Our capital structures among those conservative in the industry we have rounded about net debt to book equity of about 2.1 to 1. We have no significant contracted forward purchase commitments and we have no real significant debt maturities until 2017. Our unsecured debt to total debt ratio increased to 49% at the end of last year up from 15%. At the end of 2011, we had unencumbered asset pool of $23.1 billion of the aircraft representing almost half the aircraft in our fleet. In the construct of our portfolio evolution over the last three years as Ron mentioned in 2010 we started accessing the unsecured market and creating a shift in our capital structure with a more balanced approach to secured and unsecured debt.
You can see here in the first yellow line, the growth and in unencumbered flight equipment to a little bit over $2 billion at year end. The growth in unencumbered asset pool from 18 to 72 aircraft passenger and freight mix is above slightly with the passenger growth outstripping freight growth. Over that time period in across this time, the weighted average age of the portfolio has decreased modestly, while the weighted average remaining lease term of our portfolio has also – has actually increase modestly.
And then finally as I mentioned in 2012, we raised $1.6 billion, $1.3 billion in the unsecured capital markets about $600 million of which was used to repay a bank facility in the spring of last year. The secured debt ratio is down to about half from the 85% mark at the prior year, we’ve grown the unencumbered asset base and as we have continued to access the high-yield market both from sort of investor education, the strength in the high-yield market. We’ve consistently seen the yield and the pricing that we may able to attain in that market come down considerably over the last three years.
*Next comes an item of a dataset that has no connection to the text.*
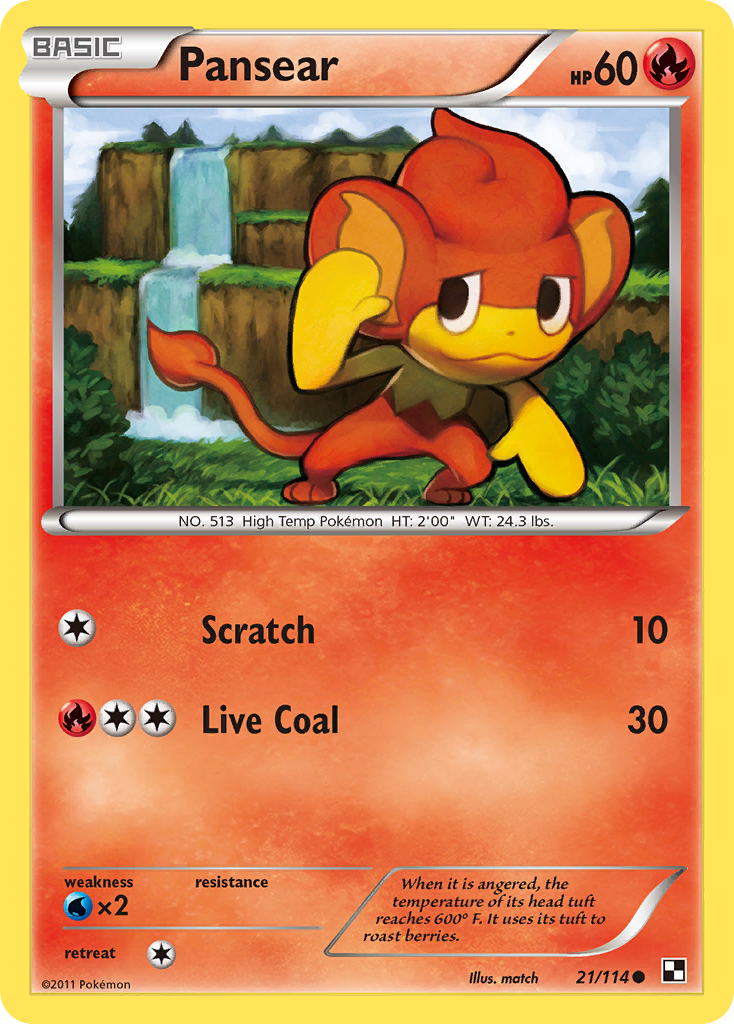 Pansear (21/114) [Black & White: Base Set] - Card Brawlers | Quebec | Canada | Yu-Gi-Oh!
So, we ended the year with over $600 million of unrestricted operating cash, strong cash flow out of the portfolio. And so we think we are very well positioned to continue to invest in accretive assets and grow the operating cash flow and earnings of this business going forward.
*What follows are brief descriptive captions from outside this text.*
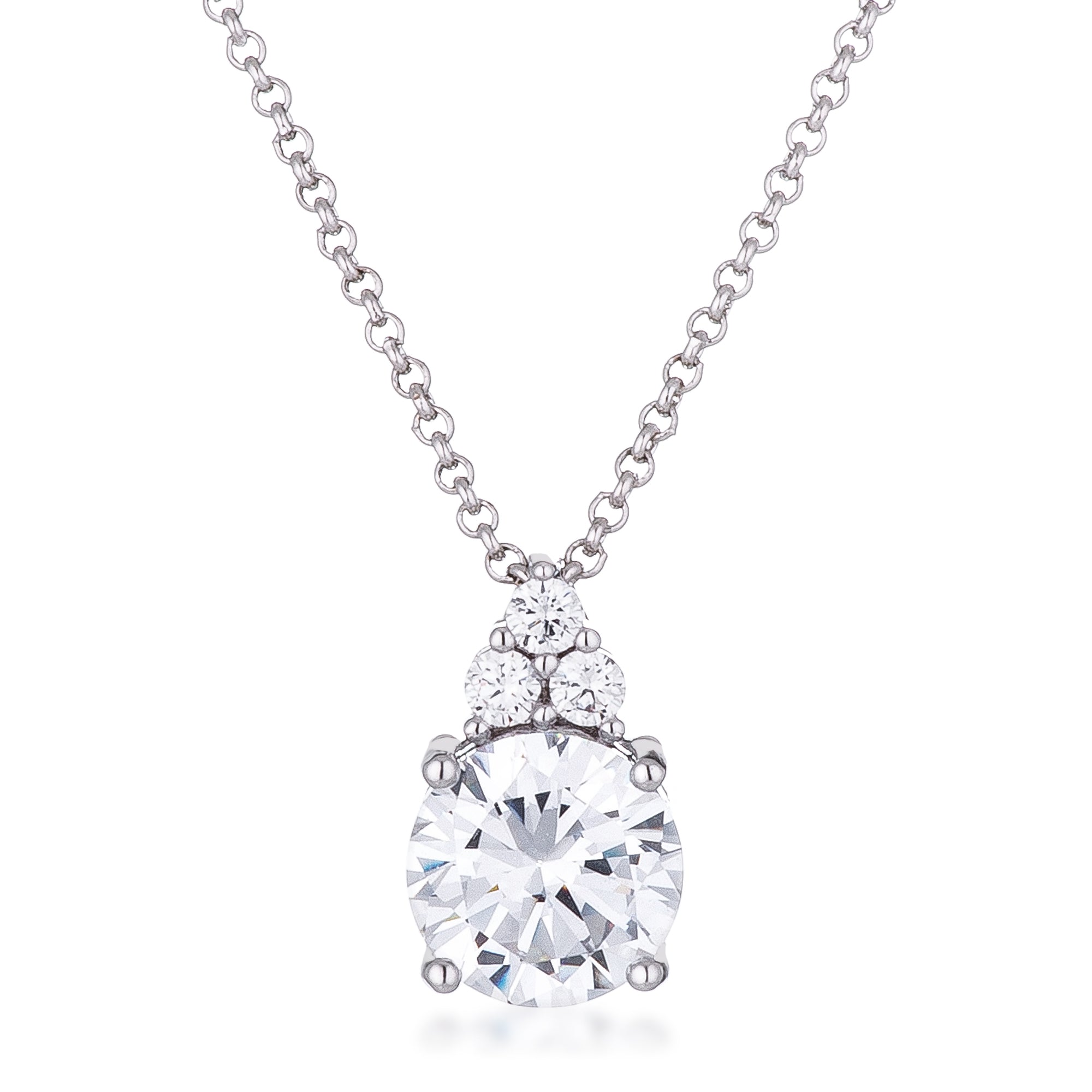 Avera Simple Plated 9mm Cubic Zirconia Pendant Necklace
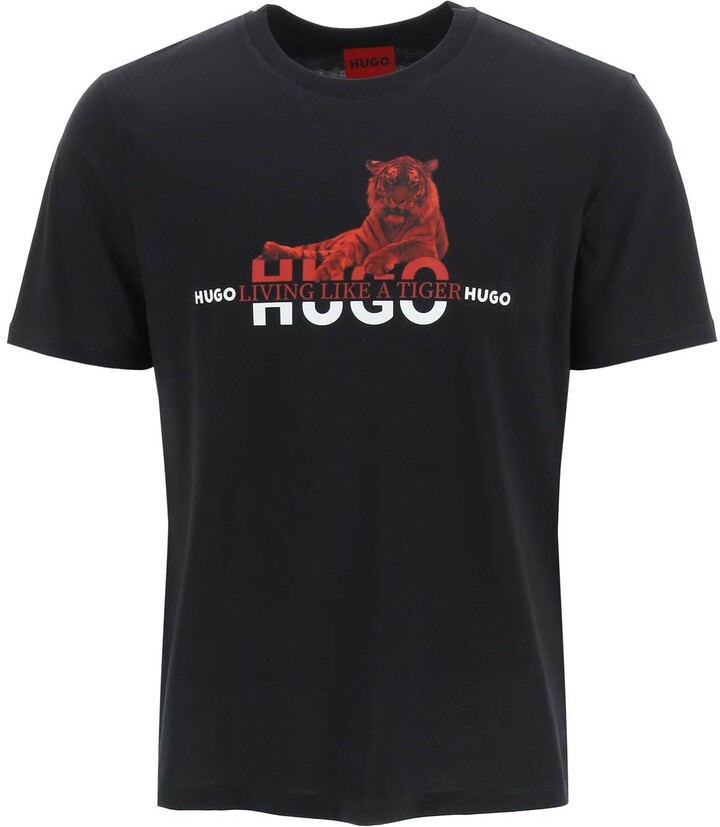 HUGO BOSS DATERTIGER T-SHIRT M Black Cotton - ShopStyle Shirts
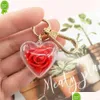 Clé de voiture Nouveau mignon Rose Porte-clés Amour Coeur Pendentif Fleur éternelle Porte-clés pour femmes Sac Ornements Clés de voiture Accessoires Couple Drop Deli Dhmn5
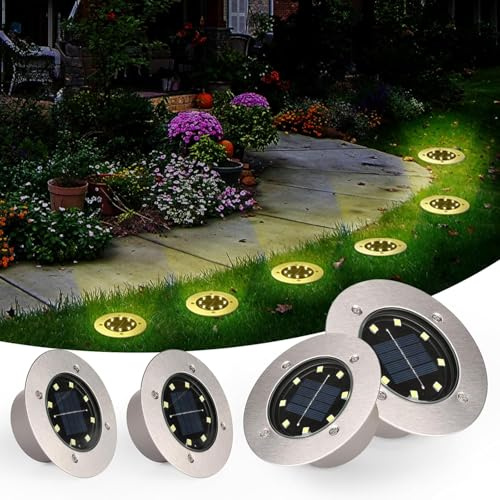 TOSHIN Lumière Solaire Extérieur, 4 Pièces Lampe Solaire Au Sol Jardin, 8 LED Etanche IP65 Spot Solaire Extérieur Encastrables Éclairage pour Chemins Pelouse Terrasse Cour Piscine, Blanc Chaud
With that, we’re happy to leave it open for Q&A.
In terms of getting more capital for this year and next few years, do you see yourself getting more secured financing rather than unsecured?
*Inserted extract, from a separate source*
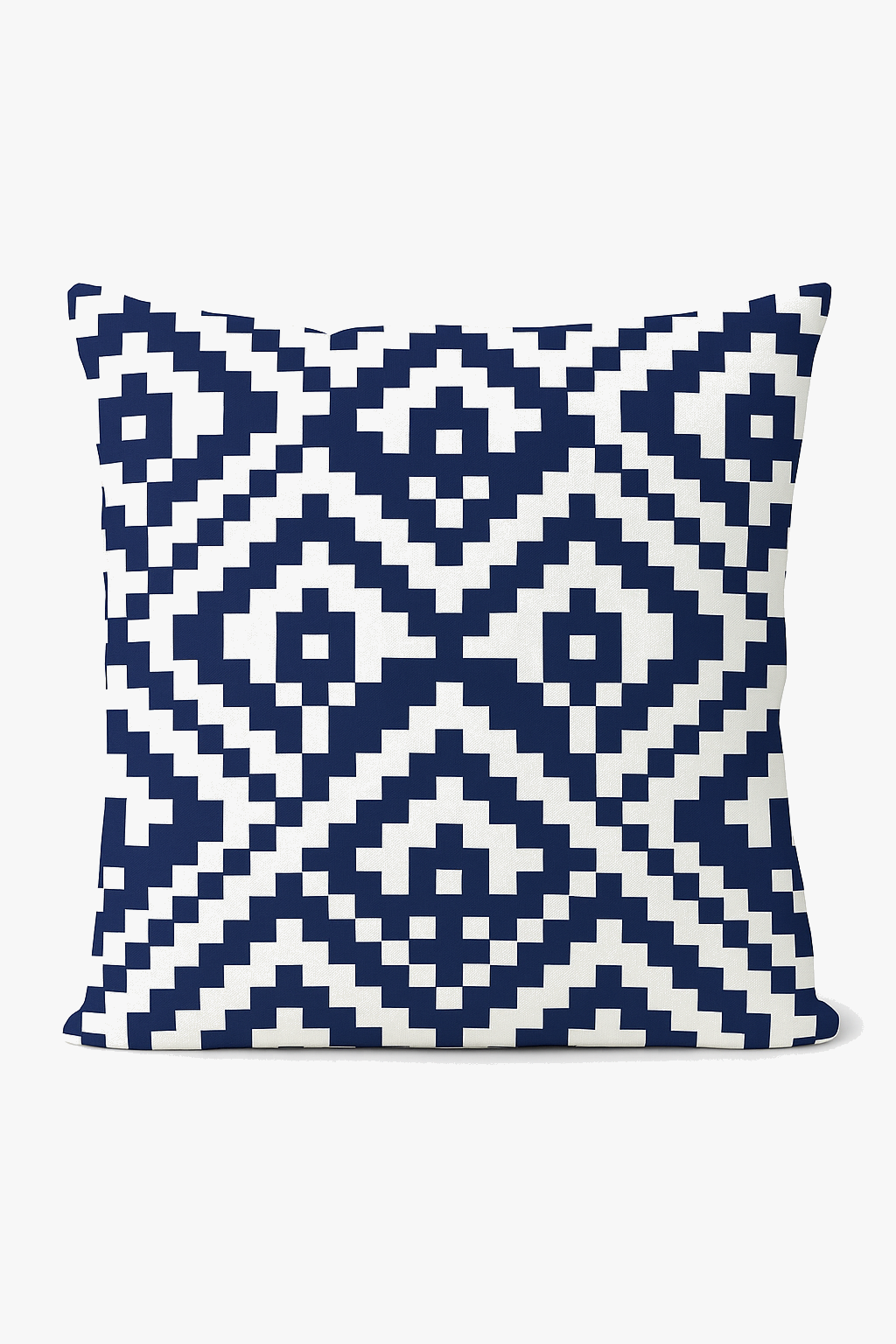 coussin géométrique bleu marine pour décoration intérieure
You want to take that Mike?
Yeah. In the context of where we expect to invest this year, I think we will actually see perhaps unsecured debt added to the portfolio. If we find it attractive wide-bodies or other assets that lend themselves to that debt, but as I mentioned late last year, we raised about $0.5 billion in the unsecured market. So, we have a very large dry powder here to deploy in capital. So, I think we will still see a mix of unsecured in the context of this year’s activities, but it’s really going be driven by where we see the best investment value in the context of adding assets to the fleet.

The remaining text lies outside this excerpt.